Before we resume our journey, here are some nuggets worth noting:
• According to the Birmingham Business Alliance, “more than 70 foreign-based companies…have operations here in the Birmingham region (including Mercedes and Honda and some of their suppliers).”
• Last year, at an in-house gathering held at the Regions Center downtown and at the company’s operations center in Hoover, Regions employees, or “associates,” were asked to write, in their native tongue, one of the company’s core values on erasable boards. A subsequent tally of the native languages spoken by those who attended the gatherings listed 52, including some spoken in parts of India such as Tamil and Gujarati.
• At another of the area’s major financial institutions, BBVA Compass, Dwight Julbert, executive director of BBVA’s Talent Partner Services, says the employee ranks include people “from more than 15 countries,” among them Spain, China, Nigeria, and India.
• At the Shelby-Hoover campus of Jefferson State Community College, Saturdays have turned part of that campus into a little corner of Japan. Classes on Japanese language and culture are held there for children of Japanese expats, many of whom work at the Honda plant 45 miles to the east.
• According to the American Immigration Council, Alabama saw nearly 8,000 new immigrants open businesses from 2006 to 2010. In 2010, according to the council, nearly 5 percent “of all business owners in the state were foreign-born.”

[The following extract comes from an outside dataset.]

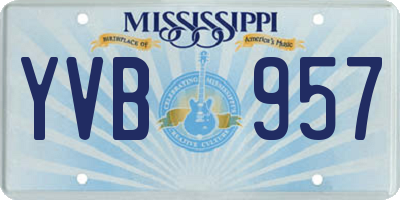 MS license plate YVB957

• Alabama’s Hispanic population jumped 158 percent from 2000 to 2011, according to the Pew Research Center, moving from 72,152 to 186,209, and more than half of the Hispanics were born in the U.S. Census figures indicate the Hispanic population is higher than that 2011 total now. If we round the figure off to about 200,000, then the seven counties in the Birmingham-Hoover Metropolitan Statistical Area, with about 50,000 Hispanics, contain about 25 percent of that total. In Jefferson County, according to a report from the Alabama Department of Public Health and the Alabama Rural Health Association, the Hispanic population jumped 865 percent from 1990 to 2011.

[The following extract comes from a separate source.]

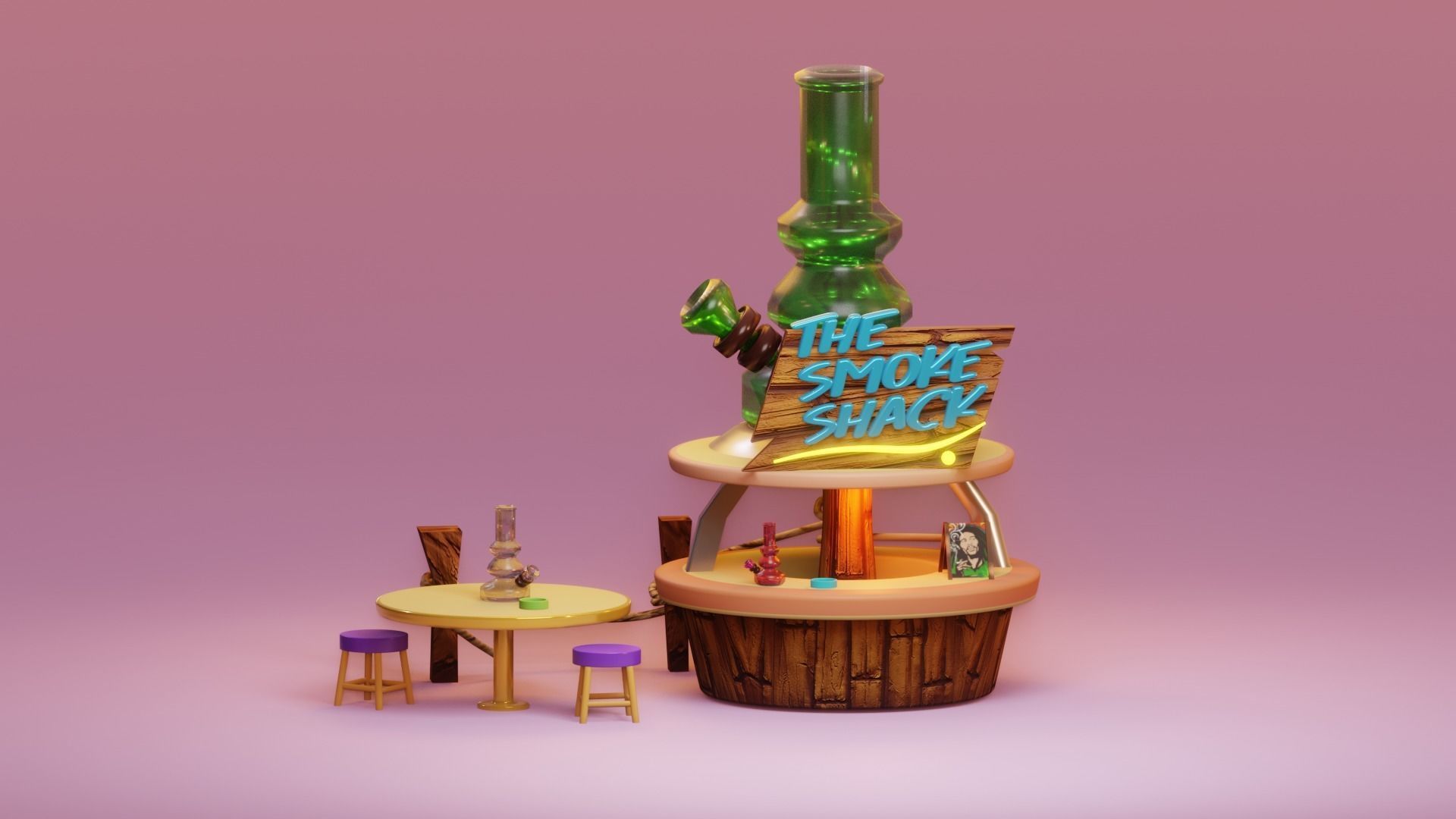 A bong shop blender lowpoly Low-poly 3D model_2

• While many immigrants are doing well economically here, more than a few are not. A report from city-data.com states that 19 percent of Jefferson County residents were living in poverty in 2013. The percentage was nearly double for Hispanics.
• From 2001 to 2015, the Jefferson County Health Department saw a 5 percent drop in its black patient population and a 2 percent drop in its white patient population. By contrast, the Hispanic patient population, though starting from a smaller numerical base, has jumped 156 percent.
Now let’s head back to Birmingham, get on I-65 north and take the exit that takes us to Carver High School. On Sundays, the school athletic field is soccer land, with Hispanic men’s teams playing throughout the day. Among the spectators are likely to be members of Carver’s own, almost entirely Hispanic varsity soccer team. The men’s teams play in a league organized about 15 years ago by Ernesto Valladares, a native of the Mexican resort town of Acapulco and a Birmingham area resident since 1998. Valladares, who works for a local produce company, said the number of teams in the league grew to about 80 but dropped to about 40 after the passage of the state’s immigration law. Many players, Valladares says, simply “disappeared.” Today, however, players are returning, and the league is again growing, he says.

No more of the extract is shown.